The EPA's offer is the latest in a drawn-out, public and politicized battle between the federal agency and Texas. The dispute evolved last month from a debate over pollution permitting into a pitched battle over states' rights, reaching the tipping point when the EPA threatened to remove Texas' permitting authority -- a role traditionally filled by states.

The EPA made public on Thursday a proposed voluntary program that would allow the nation's largest refineries to hire independent auditors to correct the problem permits while guaranteeing them legal forgiveness should violations be found. The auditors would determine what the required emission limits should be in each unit of a facility. After the EPA approved the findings, Texas would be asked to include the limits in air and operating permits. A 10-day public comment period on the program began Thursday.

While the program aims to correct a complicated problem by allowing industry to work directly with the EPA, the program gives Texas a rubber stamp status, with the state simply approving requirements after they receive a federal nod.

The Texas Commission on Environmental Quality indicated it was not satisfied with the proposal.

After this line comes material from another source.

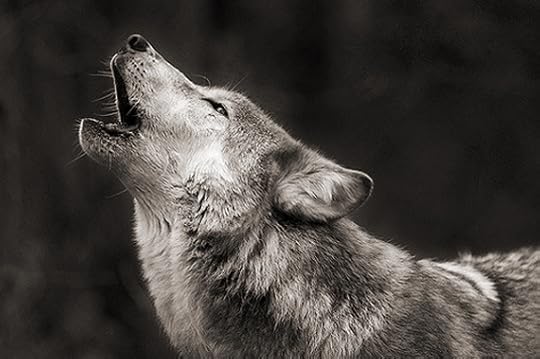 Wolf photograph by Cole Young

"While we support innovative approaches, we do have concerns with the efficiency of the audit concept and how it would overlap the state's permitting processes," the state agency said in a statement, but declined to comment further.

Al Armendariz, the EPA's regional director, said the EPA discussed the program with state officials before going public. He said the concept was also intensively discussed with some of the country's largest petrochemical companies, who "don't like the uncertainty" of operating with permits the EPA believes violate federal law.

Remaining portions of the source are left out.